## Work order
From the line with "The new Ocean" to the line with "I found the", output every line below exactly, both ends included. Skip the pictures.

## Data extracts
=-=-=

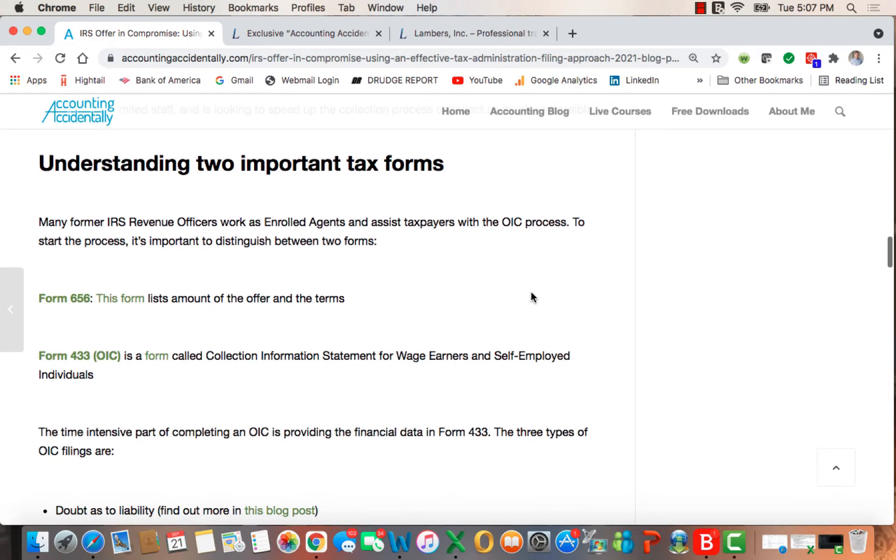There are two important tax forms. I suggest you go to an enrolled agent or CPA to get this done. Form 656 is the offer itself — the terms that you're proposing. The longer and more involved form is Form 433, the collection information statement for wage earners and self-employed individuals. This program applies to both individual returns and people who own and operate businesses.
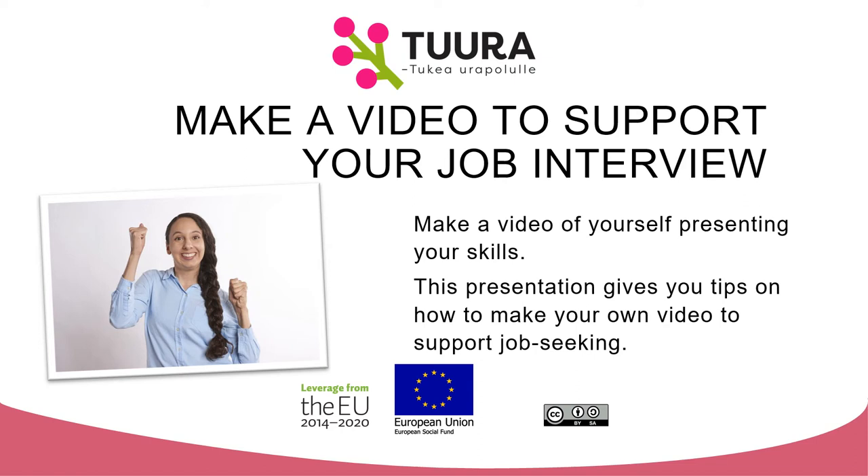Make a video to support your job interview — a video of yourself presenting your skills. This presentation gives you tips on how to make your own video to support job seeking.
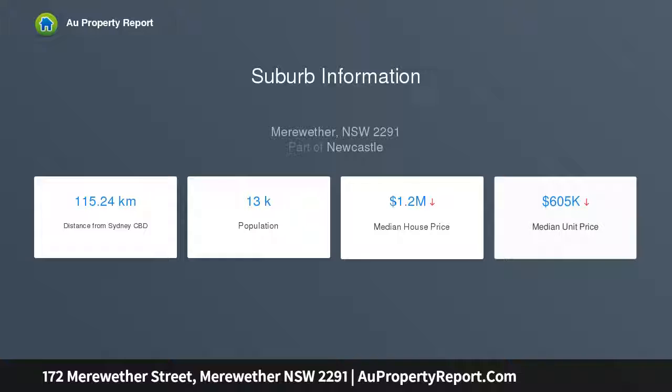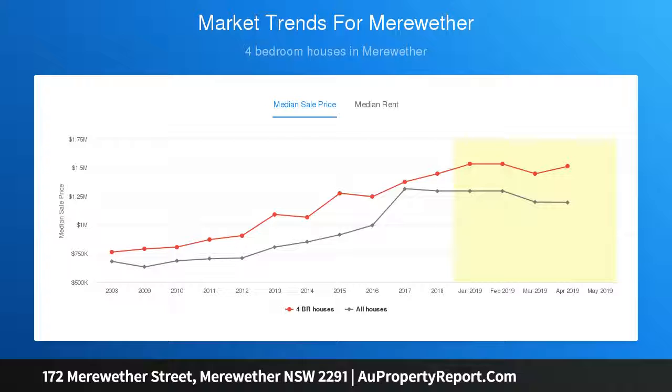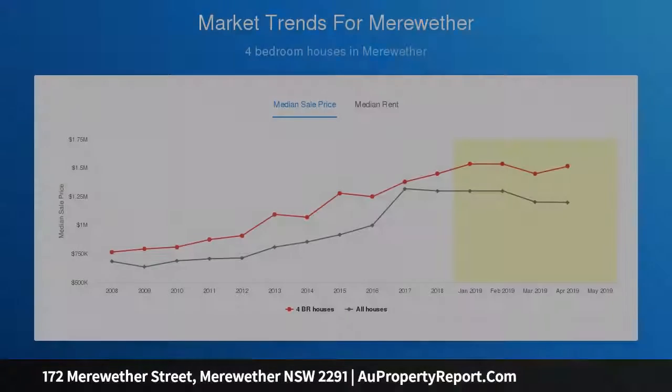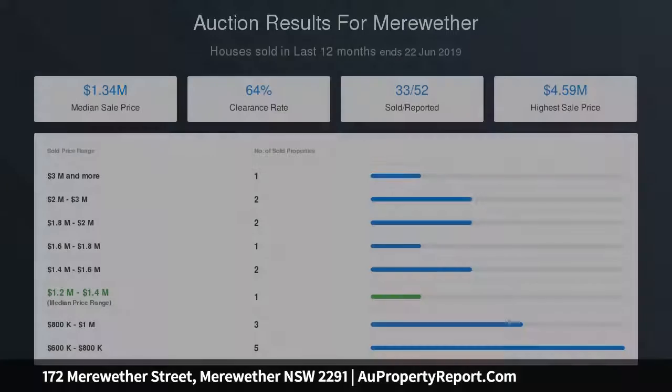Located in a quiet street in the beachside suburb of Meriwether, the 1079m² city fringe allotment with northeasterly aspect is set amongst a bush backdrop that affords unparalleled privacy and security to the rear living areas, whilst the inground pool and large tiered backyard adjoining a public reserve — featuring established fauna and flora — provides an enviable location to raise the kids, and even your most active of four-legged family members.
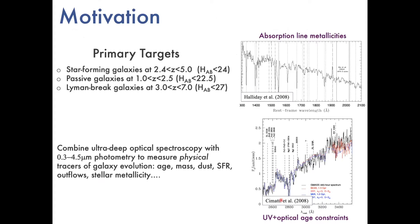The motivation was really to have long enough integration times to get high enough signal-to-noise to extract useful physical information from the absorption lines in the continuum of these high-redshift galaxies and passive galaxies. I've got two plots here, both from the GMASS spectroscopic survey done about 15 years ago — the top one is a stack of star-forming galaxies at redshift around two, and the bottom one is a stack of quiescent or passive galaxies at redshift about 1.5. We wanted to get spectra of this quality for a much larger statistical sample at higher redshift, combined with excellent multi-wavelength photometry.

=-=-=

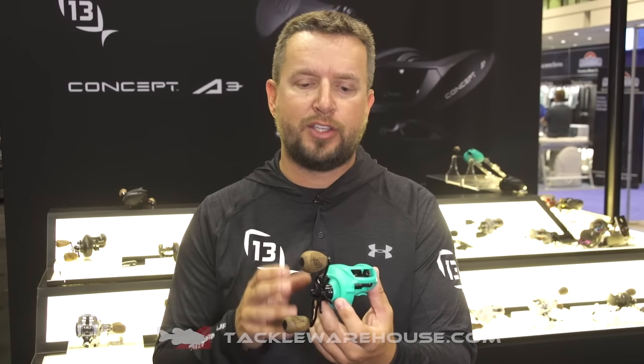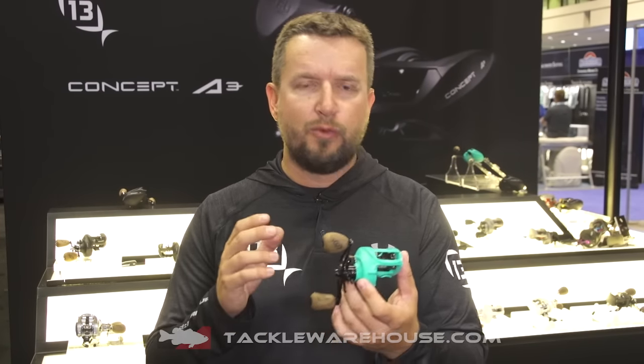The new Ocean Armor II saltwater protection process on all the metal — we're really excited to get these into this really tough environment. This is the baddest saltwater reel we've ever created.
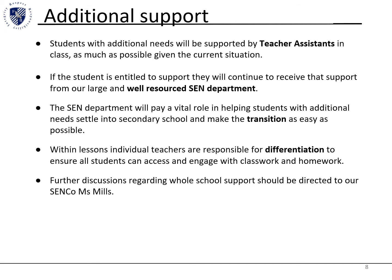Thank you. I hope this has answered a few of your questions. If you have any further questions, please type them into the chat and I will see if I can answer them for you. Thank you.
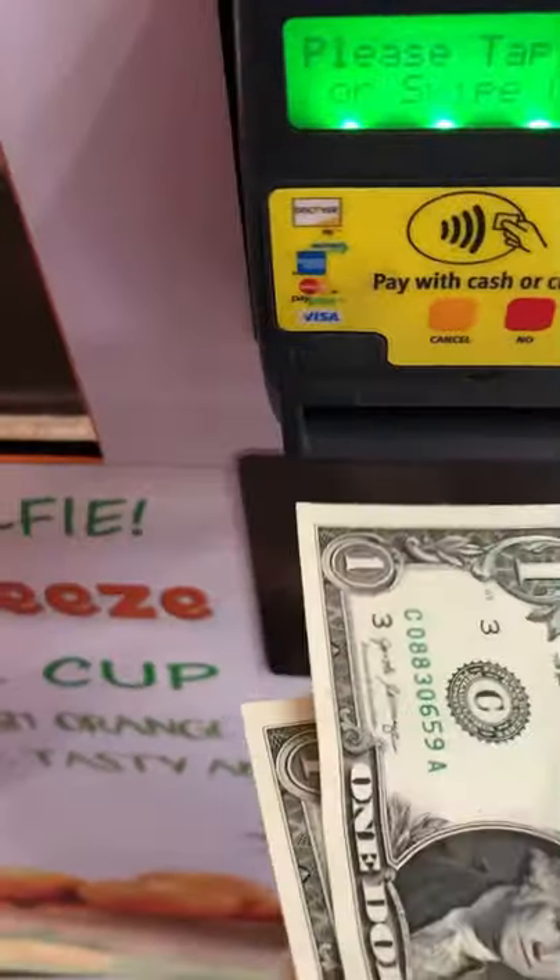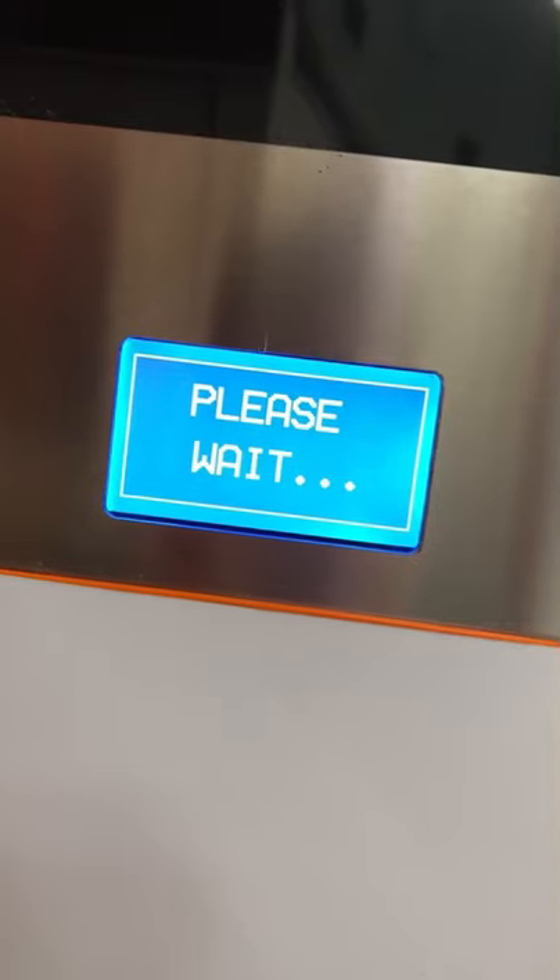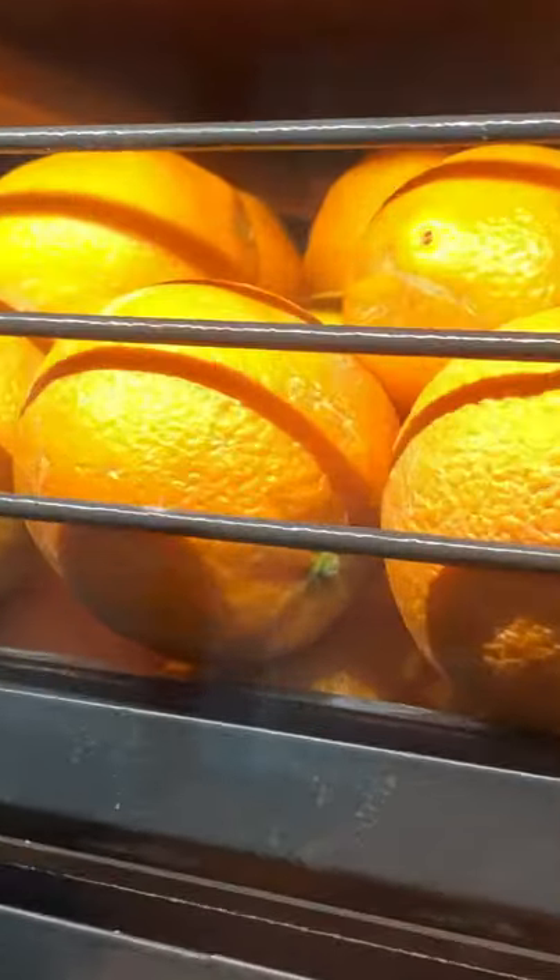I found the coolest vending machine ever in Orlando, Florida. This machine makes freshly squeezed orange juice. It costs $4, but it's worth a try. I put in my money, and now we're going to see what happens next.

=-=-=

## Response box
The new Ocean Armor II saltwater protection process on all the metal — we're really excited to get these into this really tough environment. This is the baddest saltwater reel we've ever created.
Thank you. I hope this has answered a few of your questions. If you have any further questions, please type them into the chat and I will see if I can answer them for you. Thank you.
I found the coolest vending machine ever in Orlando, Florida. This machine makes freshly squeezed orange juice. It costs $4, but it's worth a try. I put in my money, and now we're going to see what happens next.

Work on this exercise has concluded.